ENTRIES SUPPLIED:
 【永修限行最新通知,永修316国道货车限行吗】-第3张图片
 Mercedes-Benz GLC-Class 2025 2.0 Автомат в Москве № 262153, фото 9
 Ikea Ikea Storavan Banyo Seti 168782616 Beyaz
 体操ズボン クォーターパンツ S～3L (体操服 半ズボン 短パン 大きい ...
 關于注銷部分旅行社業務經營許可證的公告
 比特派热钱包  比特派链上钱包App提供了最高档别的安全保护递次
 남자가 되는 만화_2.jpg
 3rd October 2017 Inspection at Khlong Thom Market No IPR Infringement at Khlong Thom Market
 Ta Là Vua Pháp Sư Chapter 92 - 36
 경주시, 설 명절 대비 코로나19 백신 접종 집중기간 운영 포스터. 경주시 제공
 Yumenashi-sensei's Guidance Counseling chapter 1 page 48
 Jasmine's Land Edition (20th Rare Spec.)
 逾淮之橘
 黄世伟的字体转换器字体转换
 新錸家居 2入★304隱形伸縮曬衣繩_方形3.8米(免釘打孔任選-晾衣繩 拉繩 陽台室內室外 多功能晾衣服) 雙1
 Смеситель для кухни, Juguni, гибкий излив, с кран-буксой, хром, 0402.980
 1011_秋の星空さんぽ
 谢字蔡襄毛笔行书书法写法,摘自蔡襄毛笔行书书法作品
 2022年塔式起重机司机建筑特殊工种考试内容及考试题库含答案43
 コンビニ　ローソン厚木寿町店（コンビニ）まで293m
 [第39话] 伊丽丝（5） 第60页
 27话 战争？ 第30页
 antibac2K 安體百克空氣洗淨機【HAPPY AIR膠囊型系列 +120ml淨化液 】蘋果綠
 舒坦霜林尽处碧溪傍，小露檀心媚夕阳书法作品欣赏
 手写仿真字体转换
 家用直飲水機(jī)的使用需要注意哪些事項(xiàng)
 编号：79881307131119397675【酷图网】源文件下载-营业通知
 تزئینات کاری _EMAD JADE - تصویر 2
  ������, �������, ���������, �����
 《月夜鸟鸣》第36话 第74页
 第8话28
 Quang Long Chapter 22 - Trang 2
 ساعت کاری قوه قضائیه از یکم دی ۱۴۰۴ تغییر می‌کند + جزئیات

TASK GOAL:
This exercise requires the lines of the entries containing the string "کاری".

FINAL ANSWER:
 تزئینات کاری _EMAD JADE - تصویر 2
 ساعت کاری قوه قضائیه از یکم دی ۱۴۰۴ تغییر می‌کند + جزئیات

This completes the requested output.